Resort Development Continues to Grow…But
The Resort Development industry continues to grow despite the perception that it is stuck in 2008 and that there is a sub-prime loan crisis ongoing and that all banks are insolvent and cant fund projects and that golf courses are overbuilt and that timeshare is dead. Quite the contrary. The Resort lifestyle industry, including golf course communities, timeshare and interval ownership companies as well as private camping networks and vacation clubs continue to see large sales volume increases. According to A.R.D.A. (American Resort Development Association), timeshare sales topped $7.9 Billion in 2014, up for the fifth year in row and with forecasts of 6%+ sales growth for the foreseeable future. Chris Bounds, of Austin, notes that moderately priced to high end, golf course communities are flourishing in every major market that has a positive population grown and RVing and RV resorts continue to try and keep up with baby boomer demand. Marriott Vacation Club continues to add luxury properties to its stable of world wide resorts and will once again finance many of its sales internally. The industry is growing.

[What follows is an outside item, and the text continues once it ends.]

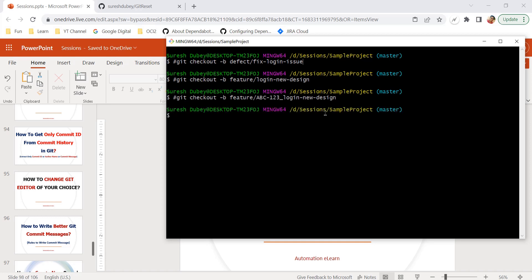Another convention is to use hyphens instead of underscores. In most cases, ticket IDs are already separated by hyphens — for example, 'ABC' is the project short name and '123' is the ticket number, separated by a hyphen. The words in the description, like 'login-new-design', are also separated by hyphens. It is always recommended to use hyphens instead of underscores because typing a hyphen is faster than typing an underscore.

Admittedly the markets have shifted and changed and consumers have more choices for their leisure dollars and are much more “educated” about such things than they once were (which is great) and the internet is a THING! OK fine, these are all good changes. A well dressed, non-chain smoking, educated sales team under seasoned leadership is what it may now take to sell out all the lots around a golf course before it is complete or sell Points for interval exchanges at a higher average rate and volume than on-site sales, but that is that. Resort companies that understand and embrace this concept are setting sales records. Public companies own more and more such assets and old, mismanaged country clubs with musty carpet and divot laced greens or timeshare communities with faded paint and mossy swimming pools are struggling the same fate carriage manufacturers did in 1920. For them, without change, it won’t end well.
Many land and timeshare notes are once again being financed at face value and many are once again being securitized on Wall Street. The US consumers HAVE CHANGED and the developers that change with them will fair just fine as we plan sales projects into 2020!